ACTIVITY:
With the line that contains "Костюм спортивный" as the first line, output exactly every line through the end of the material.

══ TASK DATA

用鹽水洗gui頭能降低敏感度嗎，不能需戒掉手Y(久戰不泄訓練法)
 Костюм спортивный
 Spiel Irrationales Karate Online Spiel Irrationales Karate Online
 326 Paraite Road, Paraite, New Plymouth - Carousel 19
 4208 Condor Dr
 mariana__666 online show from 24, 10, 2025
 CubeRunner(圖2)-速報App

════

ANSWER TO THE EXERCISE:
 Костюм спортивный
 Spiel Irrationales Karate Online Spiel Irrationales Karate Online
 326 Paraite Road, Paraite, New Plymouth - Carousel 19
 4208 Condor Dr
 mariana__666 online show from 24, 10, 2025
 CubeRunner(圖2)-速報App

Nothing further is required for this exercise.